OTTAWA — Canadians should expected more “substantial job losses” this year, Finance Minister Jim Flaherty said Friday after Statistics Canada reported the economy shed 34,400 in December.
Last month’s employment contraction pushed the country’s unemployment rate up three-tenths of a point to 6.6 per cent, and was larger than the consensus forecast of 20,000 losses.
The losses included a 70,700 drop in full-time employment, about the same number who lost their jobs — part time and full time — in November. Only a gain of 36,200 part-time jobs kept December from replicating the previous month’s losses, which were the deepest since 1982.
“We’re in for a difficult year,” Flaherty said at a press conference in Thornhill, north of Toronto.
“We regrettably are going to have to expect continuing job losses in Canada.

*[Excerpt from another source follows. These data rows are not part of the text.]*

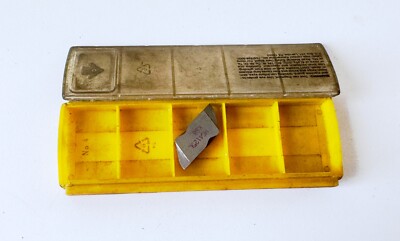 (1) KENNAMETAL NG4125L TOP NOTCH K68 Carbide Grooving Insert 1113612 USA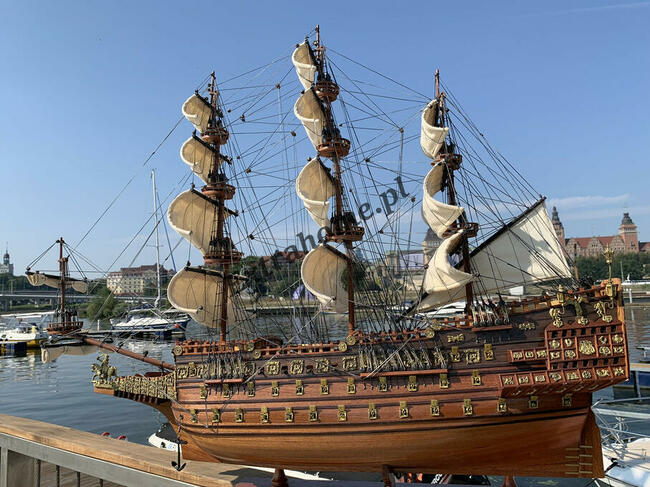 Tall Ship Le Protecteur Model Jedyny z czerwonymi żaglami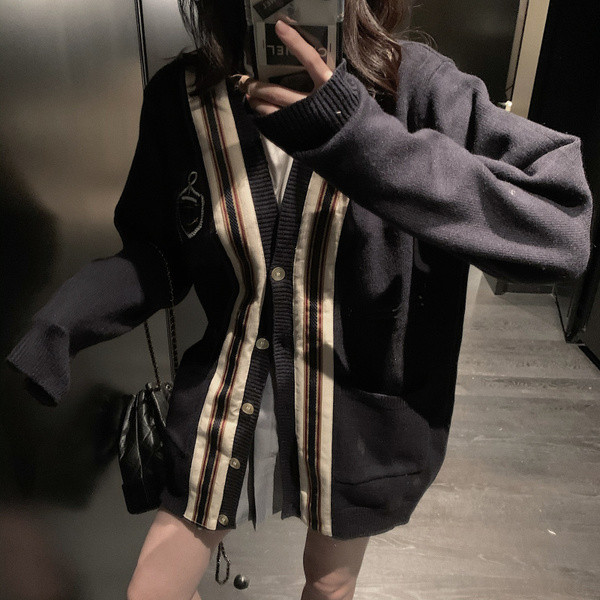 Vestă casual lungă cu decolteu în V și nasturi de culoare neagră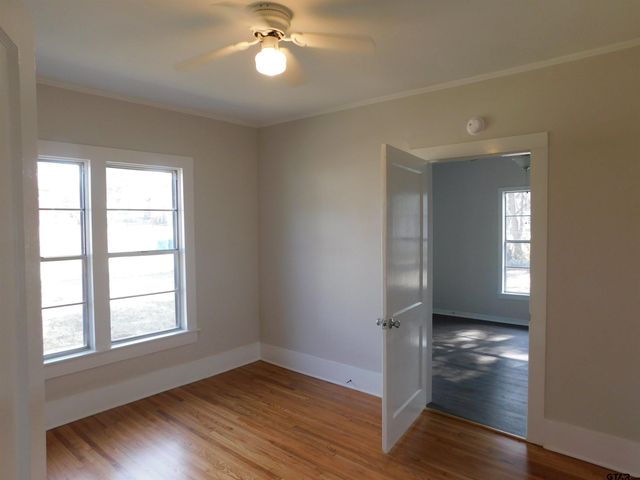 301 W McDONALD, Mineola, TX 75773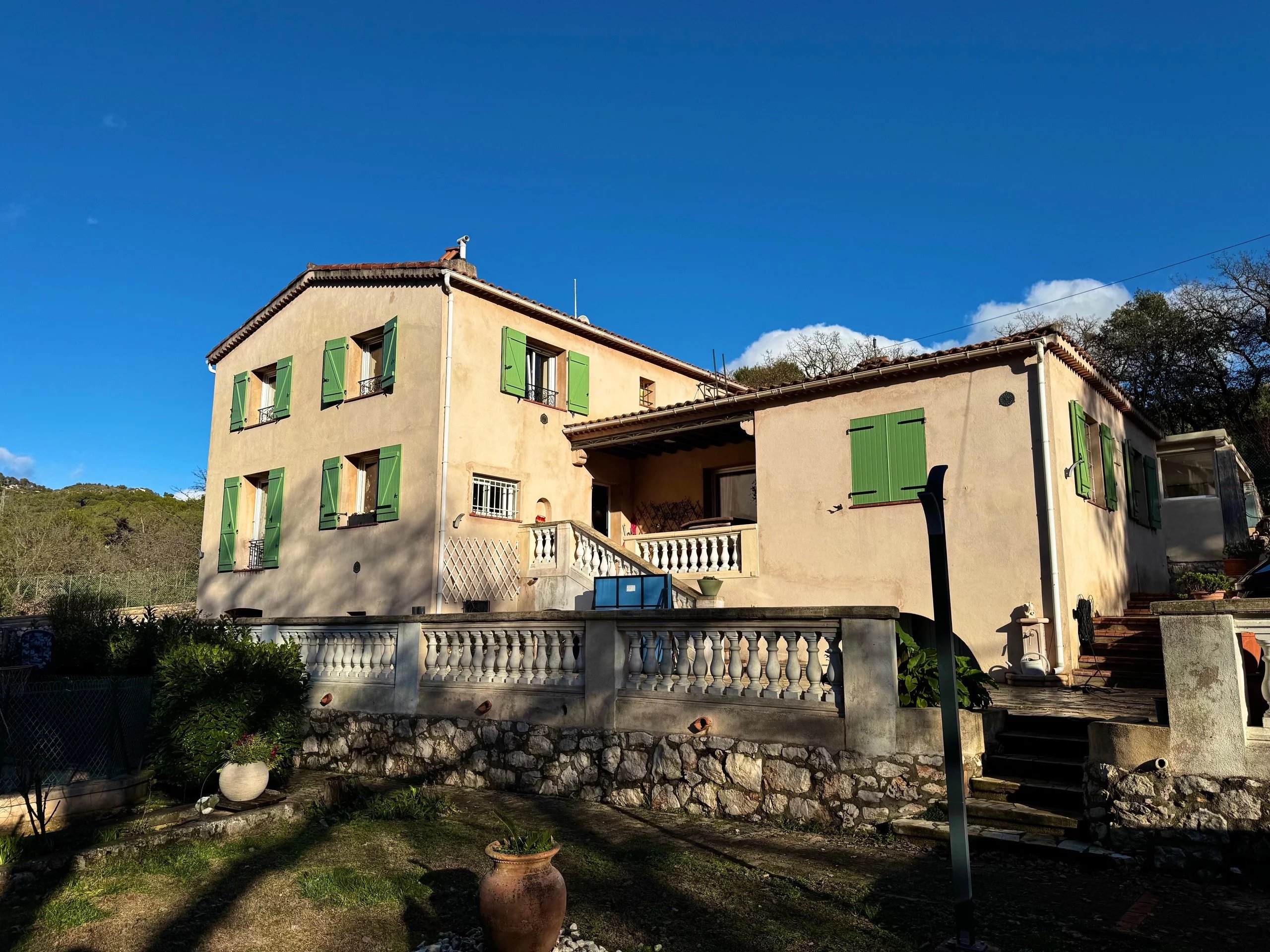 Magnificent 220m2 villa in Laghet with swimming pool, garage, basketball court, 1700m2 plot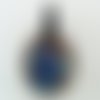 Pendentif rond bombé fleur bleu foncé 3 pétales 43mm verre lampwork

We are going to have substantial job losses (this year).”
Flaherty said the government will need to respond to the needs of people who are laid off in the upcoming Jan. 27 “to help Canadians get through a difficult year,” and suggested Ottawa is likely to expand job training and work sharing measures.
The minister, who was in Thornhill for a pre-budget consultation, said he has been listening to Canadians about what the budget should include, naming infrastructure spending and tax cuts as the two most often-heard recommendations he has received.

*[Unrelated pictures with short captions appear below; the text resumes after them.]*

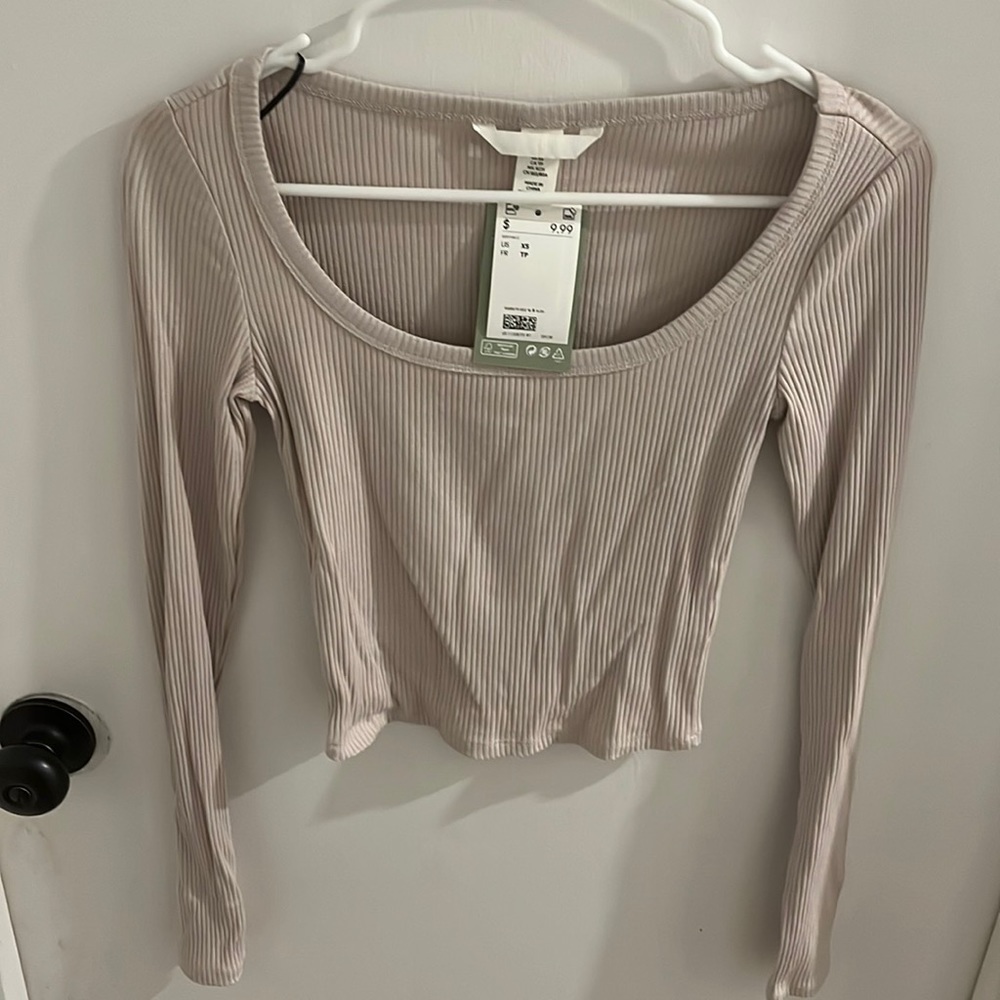 NWT never worn cropped long sleeve top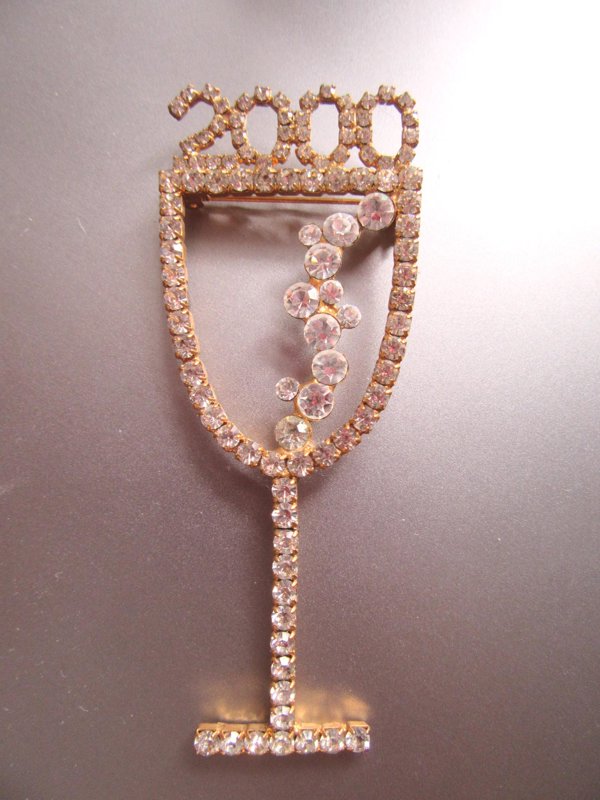 Rhinestone Champagne Pin 2000 Millenial Y2k 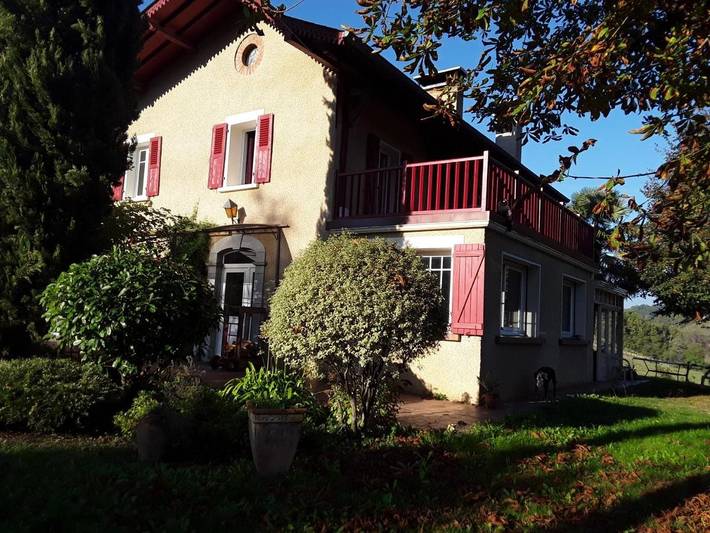 Location de vacances pour 4 personnes, avec terrasse ainsi que vue et jardin à Gan - 2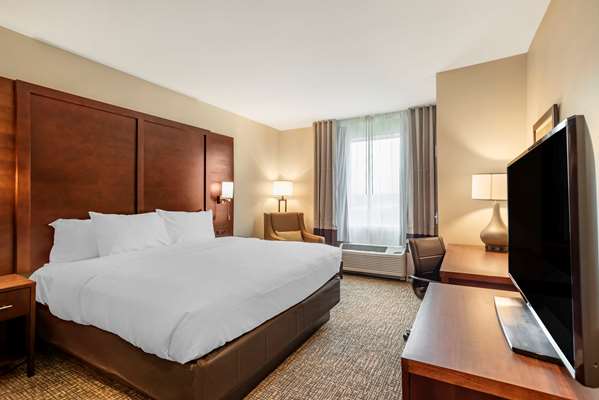  - Comfort Inn & Suites Winchester - I-81, Exit 310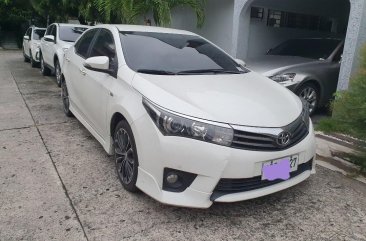 White Toyota Corolla altis for sale in Manila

But he pointed out that Canada was better positioned to respond to the recession that many others, including the U.S., given Ottawa’s sound fiscal position and the relative strength of the economy.
Canada’s job losses pale in comparison to the carnage in the U.S., which lost another 524,000 jobs in December for a total of 2.6 million for the year.
But given that Canada’s labour contraction has come in the past two months, the time for boasting is over, said Derek Holt, vice-president of economics at Scotia Capital.
“One hundred thousand jobs have been lost in only two months, which now almost fully reverses the large late summer employment gains, and puts Canadian job losses proportionately more in line with the U.S. experience,” he noted.
“The hit to pay will be worse than the body count, since 71,000 full-time jobs were lost while reduced hours drove a 36,000 gain in lower paying part-time employment.”
As worrying for Canadians was that the private sector shed 59,400 jobs, partially offset by an additional 20,500 in government hiring.
For the year, Statistics Canada said the country managed to eke out a gain of 98,000 jobs, far fewer than the 358,000 gained in 2007 and all in part-time work.
Statistics Canada said manufacturing, forestry, building, information, culture and recreation, agriculture, fishing, mining, oil and gas and trade were net employment losers in 2008.
Hourly wages remained relatively robust last month, showing a 4.3 per cent year-to-year increase, double the current inflation rate.
But actual hours worked are declining, down four per cent for the last three months of 2008.
The December report presents a picture of an economy that hit the wall in the latter part of the year, with manufacturing, sales and construction activity taking a plunge in the face of the spiralling financial crisis.
“From the record low 5.8 per cent in early 2008, the unemployment rate climbed 0.8 percentage points by the end of the year, with most of the increase occurring in the last quarter,” Statistics Canada noted.
CIBC economist Krishen Rangasamy agreed with Flaherty that the beginning of 2009 looks as weak as the end of 2008.
“With economic contractions in the cards over the first half of 2009, expect the unemployment rate to head towards eight per cent before coming back down as the economy stages a recovery in the latter part of the year,” he said.
The latest sector to be hit by the economic tsunami was construction, which had previously seemed impervious to the recession.
In December, however, the construction industry lost 44,000 jobs as housing starts dipped to the lowest level in seven years the previous month.
“The sharp decline in construction employment reinforces the need for more public infrastructure investment,” said labour economist Erin Weir of the United Steelworkers.
Also, with private capital drying up, Weir said the federal government should drop its requirement that projects receiving federal funds be organized as public-private partnerships.
Offsetting the losses were gains in transportation and warehousing, up 23,000, education services, public administration, and manufacturing, although the latter industry remains down for the year and has now lost 380,000 jobs since over the past seven years.
With the price of oil tumbling, Alberta’s economy also showed signs of slowing and actually recorded the sharpest employment decline of any province last month with 16,000 fewer jobs, all full-time. That pushed the jobless rate in the province up 0.7 percentage points to 4.1 per cent.
Quebec also shed a large number of jobs in December, losing 9,400 overall with gains in part time employment offset by the loss of 48,700 full-time jobs.